Esistono vite sacrificabili?
E chi è in grado di stabilire quali vite lo siano e quali no? Con quale diritto?
A questo assistiamo in Un oscuro scrutare: la disintegrazione dell’identità e dell’esistenza di un individuo per un presunto fine superiore.
Presunto per chi? Superiore a cosa?
In un Oscuro scrutare seguiamo il lento dilagare di dissociazione e di follia in chi dovrebbe difendere gli altri e, a sua volta, essere difeso.
La solitudine, il disgusto e l’amarezza dilagano pagina dopo pagina e la domanda sui limiti del Bene, sui limiti cioè del fare del Bene, acquista sempre più forza.
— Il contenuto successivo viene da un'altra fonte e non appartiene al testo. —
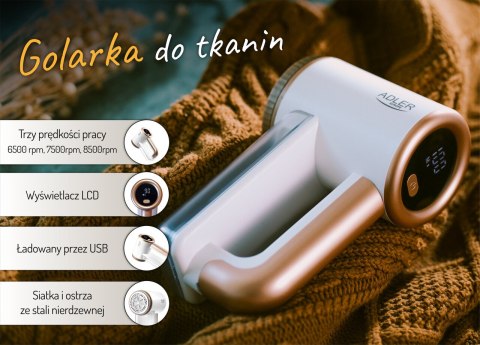 Adler AD 9617 Golarka do ubrań swetrów tkanin LCD USB 2000mAh 5W Adler AD 9617 Golarka do ubrań swetrów tkanin LCD USB 2000mAh 5W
Osservando gli effetti di questo presunto Bene, viene da chiedersi se il bene sia realmente bene. Se un bene agisce compiendo il male è davvero benevolo, benefico, benevolente o in ogni altro modo si voglia definire quello che la morale sembra suggerirci?
Mi sono posta molte volte questa domanda, ma non è questo lo spazio per la mia risposta.
Ognuno di noi ha la propria, che sia filosofica, religiosa o emotiva.
E tu vuoi condividere la tua opinione su questo tema? Per il bene della pluralità è giusto sacrificare il bene del singolo?